明淮序被砸中了肩膀和後腦,已經昏迷了過去。而程意被他護在懷中,整個人正在劇烈發著顫,大片深紅色的血跡在兩人身上暈開,光是遠遠看一眼就觸目驚心。
程意只覺得耳邊嗡鳴一片,眼前陣陣發黑。而自己被團團簇擁,一時卻什麼聽不進去。
那些焦急的、擔憂的面孔在她面前不斷晃動,她恍惚間聽見了救護車的鳴笛聲,然後是擔架的起落聲,血腥味好像在淡去。
程意想抬頭、想說話,全身卻一點動不了。
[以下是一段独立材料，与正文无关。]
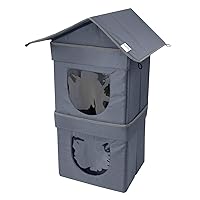 Kitty City Outdoor Stackable Cat House, Cat Cube, Water Resistant Condo, Outdoor Heated Cat House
她覺得心臟在劇烈而痛苦地跳動,直到手邊觸碰到一點灼熱的溫度。
是付辰去隔壁廠房給她倒了一杯糖水。
程意的眼眸終於聚上一點焦,可指尖還是在發抖。孟雪在程意旁邊急得要命,又不敢輕易碰她:「意寶,意寶你傷到哪了?你還能站起來嗎,你身上好多血……」
「那不是我的血。」程意開口時,滾燙的淚珠終於從眼睫上滾了下來。她只覺得喘不過氣,指尖攥緊那杯糖水,半晌才說出一句完整的話,「我很好,沒有受傷。師兄在牆體坍塌的時候擋住了我。」
「明師兄已經在救護車上了。」孟雪擔憂地看著程意,「意寶,我們一起去醫院看看吧。做一下檢查,看看有沒有傷到其他地方。」
程意顫著手,喝下了一口暖熱的糖水,被孟雪半架著送去了醫院。
程意雖然是輕微擦傷,但也被送去做了全身檢查。等報告的時候,付辰給在醫院等候的大家買了飯,孟雪挑了碗熱乎乎的清湯餛飩,加了個水煮蛋給程意送過來。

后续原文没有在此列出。